▶ [WHAT NEEDS TO BE DONE]: All of the data is to be set down again without alteration.

____________________

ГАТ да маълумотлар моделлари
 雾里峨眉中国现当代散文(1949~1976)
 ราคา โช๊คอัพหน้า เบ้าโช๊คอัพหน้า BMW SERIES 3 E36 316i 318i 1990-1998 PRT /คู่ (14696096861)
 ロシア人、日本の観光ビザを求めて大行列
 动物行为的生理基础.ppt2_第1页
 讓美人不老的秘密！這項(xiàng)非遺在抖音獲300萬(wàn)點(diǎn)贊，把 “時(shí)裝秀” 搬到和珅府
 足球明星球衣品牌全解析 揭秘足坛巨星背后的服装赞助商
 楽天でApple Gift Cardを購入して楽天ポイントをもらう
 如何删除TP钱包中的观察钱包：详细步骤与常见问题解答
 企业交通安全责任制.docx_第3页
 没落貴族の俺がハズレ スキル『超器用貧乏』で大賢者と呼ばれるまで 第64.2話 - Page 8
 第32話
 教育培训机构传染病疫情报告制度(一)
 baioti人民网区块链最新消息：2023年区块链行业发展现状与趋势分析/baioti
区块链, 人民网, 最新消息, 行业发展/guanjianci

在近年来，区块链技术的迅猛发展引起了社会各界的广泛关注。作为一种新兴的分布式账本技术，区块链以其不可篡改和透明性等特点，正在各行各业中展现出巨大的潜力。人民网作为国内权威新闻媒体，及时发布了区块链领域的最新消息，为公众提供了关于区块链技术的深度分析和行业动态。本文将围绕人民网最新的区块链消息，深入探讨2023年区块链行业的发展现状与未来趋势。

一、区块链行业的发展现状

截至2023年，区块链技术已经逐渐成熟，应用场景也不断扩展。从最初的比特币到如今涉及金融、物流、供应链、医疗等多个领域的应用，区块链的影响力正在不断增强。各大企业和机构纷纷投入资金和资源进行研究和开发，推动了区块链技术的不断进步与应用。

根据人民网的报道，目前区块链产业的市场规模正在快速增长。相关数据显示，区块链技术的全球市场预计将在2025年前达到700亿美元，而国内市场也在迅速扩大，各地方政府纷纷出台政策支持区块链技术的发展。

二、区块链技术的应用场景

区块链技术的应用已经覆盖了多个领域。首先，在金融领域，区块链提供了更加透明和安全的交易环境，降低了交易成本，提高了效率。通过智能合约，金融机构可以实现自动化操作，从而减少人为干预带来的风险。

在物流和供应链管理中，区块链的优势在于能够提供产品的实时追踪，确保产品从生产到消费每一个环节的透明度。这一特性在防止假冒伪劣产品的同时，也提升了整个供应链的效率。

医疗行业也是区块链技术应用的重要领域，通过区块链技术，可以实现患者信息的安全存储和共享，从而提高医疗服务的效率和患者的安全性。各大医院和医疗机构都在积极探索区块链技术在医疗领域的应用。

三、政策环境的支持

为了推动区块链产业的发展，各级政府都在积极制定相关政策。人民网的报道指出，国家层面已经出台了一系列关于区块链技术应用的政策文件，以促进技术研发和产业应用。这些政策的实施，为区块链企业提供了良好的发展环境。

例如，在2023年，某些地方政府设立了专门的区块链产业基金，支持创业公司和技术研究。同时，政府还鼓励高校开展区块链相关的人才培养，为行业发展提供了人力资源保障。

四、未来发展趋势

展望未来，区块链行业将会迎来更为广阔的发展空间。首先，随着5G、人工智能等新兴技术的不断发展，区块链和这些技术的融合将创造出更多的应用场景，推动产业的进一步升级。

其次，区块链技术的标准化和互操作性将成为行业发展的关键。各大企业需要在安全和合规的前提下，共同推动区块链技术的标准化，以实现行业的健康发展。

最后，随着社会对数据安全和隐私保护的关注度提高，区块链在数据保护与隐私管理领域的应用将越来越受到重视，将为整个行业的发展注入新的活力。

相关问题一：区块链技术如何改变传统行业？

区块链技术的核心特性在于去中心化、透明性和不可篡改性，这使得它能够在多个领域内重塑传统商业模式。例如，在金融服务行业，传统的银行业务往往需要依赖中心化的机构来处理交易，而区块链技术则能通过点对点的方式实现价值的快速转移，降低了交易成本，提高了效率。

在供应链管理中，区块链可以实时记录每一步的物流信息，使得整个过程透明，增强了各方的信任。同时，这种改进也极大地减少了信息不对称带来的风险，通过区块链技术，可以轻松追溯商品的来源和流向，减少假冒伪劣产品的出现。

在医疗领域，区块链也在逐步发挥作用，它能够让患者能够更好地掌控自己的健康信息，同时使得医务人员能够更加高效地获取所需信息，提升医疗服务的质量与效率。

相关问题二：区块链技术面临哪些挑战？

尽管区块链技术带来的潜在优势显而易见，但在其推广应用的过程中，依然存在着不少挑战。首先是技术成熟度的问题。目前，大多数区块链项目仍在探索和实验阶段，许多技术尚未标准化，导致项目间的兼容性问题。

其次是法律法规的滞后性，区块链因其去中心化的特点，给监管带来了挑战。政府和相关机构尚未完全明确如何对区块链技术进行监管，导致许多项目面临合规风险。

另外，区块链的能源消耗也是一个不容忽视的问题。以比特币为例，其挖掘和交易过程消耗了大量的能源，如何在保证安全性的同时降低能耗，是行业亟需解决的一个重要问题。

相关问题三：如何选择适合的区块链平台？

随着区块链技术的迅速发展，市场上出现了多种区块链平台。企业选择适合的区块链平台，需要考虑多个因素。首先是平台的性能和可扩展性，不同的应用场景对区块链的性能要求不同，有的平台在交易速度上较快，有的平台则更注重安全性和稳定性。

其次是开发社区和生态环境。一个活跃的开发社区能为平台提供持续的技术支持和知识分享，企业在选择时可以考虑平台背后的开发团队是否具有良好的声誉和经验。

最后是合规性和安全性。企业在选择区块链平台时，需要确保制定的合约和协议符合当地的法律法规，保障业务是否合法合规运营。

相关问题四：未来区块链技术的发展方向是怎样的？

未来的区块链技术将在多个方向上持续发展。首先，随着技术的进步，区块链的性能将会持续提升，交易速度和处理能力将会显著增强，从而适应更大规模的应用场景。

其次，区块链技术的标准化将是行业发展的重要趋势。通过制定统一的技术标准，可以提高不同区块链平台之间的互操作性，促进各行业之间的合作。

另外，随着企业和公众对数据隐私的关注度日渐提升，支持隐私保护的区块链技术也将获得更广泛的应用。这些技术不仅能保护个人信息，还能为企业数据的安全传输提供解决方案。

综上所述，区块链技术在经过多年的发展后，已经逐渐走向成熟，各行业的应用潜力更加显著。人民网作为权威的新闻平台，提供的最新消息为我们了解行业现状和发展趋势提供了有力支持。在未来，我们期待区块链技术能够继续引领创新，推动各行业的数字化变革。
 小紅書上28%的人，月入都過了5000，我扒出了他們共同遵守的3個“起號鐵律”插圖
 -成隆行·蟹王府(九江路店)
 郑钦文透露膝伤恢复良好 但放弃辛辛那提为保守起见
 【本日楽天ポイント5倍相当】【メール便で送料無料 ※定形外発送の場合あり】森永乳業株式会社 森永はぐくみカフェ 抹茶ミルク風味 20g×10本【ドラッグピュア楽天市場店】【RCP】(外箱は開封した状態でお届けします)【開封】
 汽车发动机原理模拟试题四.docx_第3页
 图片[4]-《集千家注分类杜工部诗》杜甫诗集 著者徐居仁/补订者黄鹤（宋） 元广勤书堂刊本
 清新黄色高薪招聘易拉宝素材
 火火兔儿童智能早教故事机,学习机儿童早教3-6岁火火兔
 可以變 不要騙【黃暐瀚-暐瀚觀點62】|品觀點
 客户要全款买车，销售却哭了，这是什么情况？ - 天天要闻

____________________

▶ [ANSWER TO THIS PROBLEM]:
ГАТ да маълумотлар моделлари
 雾里峨眉中国现当代散文(1949~1976)
 ราคา โช๊คอัพหน้า เบ้าโช๊คอัพหน้า BMW SERIES 3 E36 316i 318i 1990-1998 PRT /คู่ (14696096861)
 ロシア人、日本の観光ビザを求めて大行列
 动物行为的生理基础.ppt2_第1页
 讓美人不老的秘密！這項(xiàng)非遺在抖音獲300萬(wàn)點(diǎn)贊，把 “時(shí)裝秀” 搬到和珅府
 足球明星球衣品牌全解析 揭秘足坛巨星背后的服装赞助商
 楽天でApple Gift Cardを購入して楽天ポイントをもらう
 如何删除TP钱包中的观察钱包：详细步骤与常见问题解答
 企业交通安全责任制.docx_第3页
 没落貴族の俺がハズレ スキル『超器用貧乏』で大賢者と呼ばれるまで 第64.2話 - Page 8
 第32話
 教育培训机构传染病疫情报告制度(一)
 baioti人民网区块链最新消息：2023年区块链行业发展现状与趋势分析/baioti
区块链, 人民网, 最新消息, 行业发展/guanjianci

在近年来，区块链技术的迅猛发展引起了社会各界的广泛关注。作为一种新兴的分布式账本技术，区块链以其不可篡改和透明性等特点，正在各行各业中展现出巨大的潜力。人民网作为国内权威新闻媒体，及时发布了区块链领域的最新消息，为公众提供了关于区块链技术的深度分析和行业动态。本文将围绕人民网最新的区块链消息，深入探讨2023年区块链行业的发展现状与未来趋势。

一、区块链行业的发展现状

截至2023年，区块链技术已经逐渐成熟，应用场景也不断扩展。从最初的比特币到如今涉及金融、物流、供应链、医疗等多个领域的应用，区块链的影响力正在不断增强。各大企业和机构纷纷投入资金和资源进行研究和开发，推动了区块链技术的不断进步与应用。

根据人民网的报道，目前区块链产业的市场规模正在快速增长。相关数据显示，区块链技术的全球市场预计将在2025年前达到700亿美元，而国内市场也在迅速扩大，各地方政府纷纷出台政策支持区块链技术的发展。

二、区块链技术的应用场景

区块链技术的应用已经覆盖了多个领域。首先，在金融领域，区块链提供了更加透明和安全的交易环境，降低了交易成本，提高了效率。通过智能合约，金融机构可以实现自动化操作，从而减少人为干预带来的风险。

在物流和供应链管理中，区块链的优势在于能够提供产品的实时追踪，确保产品从生产到消费每一个环节的透明度。这一特性在防止假冒伪劣产品的同时，也提升了整个供应链的效率。

医疗行业也是区块链技术应用的重要领域，通过区块链技术，可以实现患者信息的安全存储和共享，从而提高医疗服务的效率和患者的安全性。各大医院和医疗机构都在积极探索区块链技术在医疗领域的应用。

三、政策环境的支持

为了推动区块链产业的发展，各级政府都在积极制定相关政策。人民网的报道指出，国家层面已经出台了一系列关于区块链技术应用的政策文件，以促进技术研发和产业应用。这些政策的实施，为区块链企业提供了良好的发展环境。

例如，在2023年，某些地方政府设立了专门的区块链产业基金，支持创业公司和技术研究。同时，政府还鼓励高校开展区块链相关的人才培养，为行业发展提供了人力资源保障。

四、未来发展趋势

展望未来，区块链行业将会迎来更为广阔的发展空间。首先，随着5G、人工智能等新兴技术的不断发展，区块链和这些技术的融合将创造出更多的应用场景，推动产业的进一步升级。

其次，区块链技术的标准化和互操作性将成为行业发展的关键。各大企业需要在安全和合规的前提下，共同推动区块链技术的标准化，以实现行业的健康发展。

最后，随着社会对数据安全和隐私保护的关注度提高，区块链在数据保护与隐私管理领域的应用将越来越受到重视，将为整个行业的发展注入新的活力。

相关问题一：区块链技术如何改变传统行业？

区块链技术的核心特性在于去中心化、透明性和不可篡改性，这使得它能够在多个领域内重塑传统商业模式。例如，在金融服务行业，传统的银行业务往往需要依赖中心化的机构来处理交易，而区块链技术则能通过点对点的方式实现价值的快速转移，降低了交易成本，提高了效率。

在供应链管理中，区块链可以实时记录每一步的物流信息，使得整个过程透明，增强了各方的信任。同时，这种改进也极大地减少了信息不对称带来的风险，通过区块链技术，可以轻松追溯商品的来源和流向，减少假冒伪劣产品的出现。

在医疗领域，区块链也在逐步发挥作用，它能够让患者能够更好地掌控自己的健康信息，同时使得医务人员能够更加高效地获取所需信息，提升医疗服务的质量与效率。

相关问题二：区块链技术面临哪些挑战？

尽管区块链技术带来的潜在优势显而易见，但在其推广应用的过程中，依然存在着不少挑战。首先是技术成熟度的问题。目前，大多数区块链项目仍在探索和实验阶段，许多技术尚未标准化，导致项目间的兼容性问题。

其次是法律法规的滞后性，区块链因其去中心化的特点，给监管带来了挑战。政府和相关机构尚未完全明确如何对区块链技术进行监管，导致许多项目面临合规风险。

另外，区块链的能源消耗也是一个不容忽视的问题。以比特币为例，其挖掘和交易过程消耗了大量的能源，如何在保证安全性的同时降低能耗，是行业亟需解决的一个重要问题。

相关问题三：如何选择适合的区块链平台？

随着区块链技术的迅速发展，市场上出现了多种区块链平台。企业选择适合的区块链平台，需要考虑多个因素。首先是平台的性能和可扩展性，不同的应用场景对区块链的性能要求不同，有的平台在交易速度上较快，有的平台则更注重安全性和稳定性。

其次是开发社区和生态环境。一个活跃的开发社区能为平台提供持续的技术支持和知识分享，企业在选择时可以考虑平台背后的开发团队是否具有良好的声誉和经验。

最后是合规性和安全性。企业在选择区块链平台时，需要确保制定的合约和协议符合当地的法律法规，保障业务是否合法合规运营。

相关问题四：未来区块链技术的发展方向是怎样的？

未来的区块链技术将在多个方向上持续发展。首先，随着技术的进步，区块链的性能将会持续提升，交易速度和处理能力将会显著增强，从而适应更大规模的应用场景。

其次，区块链技术的标准化将是行业发展的重要趋势。通过制定统一的技术标准，可以提高不同区块链平台之间的互操作性，促进各行业之间的合作。

另外，随着企业和公众对数据隐私的关注度日渐提升，支持隐私保护的区块链技术也将获得更广泛的应用。这些技术不仅能保护个人信息，还能为企业数据的安全传输提供解决方案。

综上所述，区块链技术在经过多年的发展后，已经逐渐走向成熟，各行业的应用潜力更加显著。人民网作为权威的新闻平台，提供的最新消息为我们了解行业现状和发展趋势提供了有力支持。在未来，我们期待区块链技术能够继续引领创新，推动各行业的数字化变革。
 小紅書上28%的人，月入都過了5000，我扒出了他們共同遵守的3個“起號鐵律”插圖
 -成隆行·蟹王府(九江路店)
 郑钦文透露膝伤恢复良好 但放弃辛辛那提为保守起见
 【本日楽天ポイント5倍相当】【メール便で送料無料 ※定形外発送の場合あり】森永乳業株式会社 森永はぐくみカフェ 抹茶ミルク風味 20g×10本【ドラッグピュア楽天市場店】【RCP】(外箱は開封した状態でお届けします)【開封】
 汽车发动机原理模拟试题四.docx_第3页
 图片[4]-《集千家注分类杜工部诗》杜甫诗集 著者徐居仁/补订者黄鹤（宋） 元广勤书堂刊本
 清新黄色高薪招聘易拉宝素材
 火火兔儿童智能早教故事机,学习机儿童早教3-6岁火火兔
 可以變 不要騙【黃暐瀚-暐瀚觀點62】|品觀點
 客户要全款买车，销售却哭了，这是什么情况？ - 天天要闻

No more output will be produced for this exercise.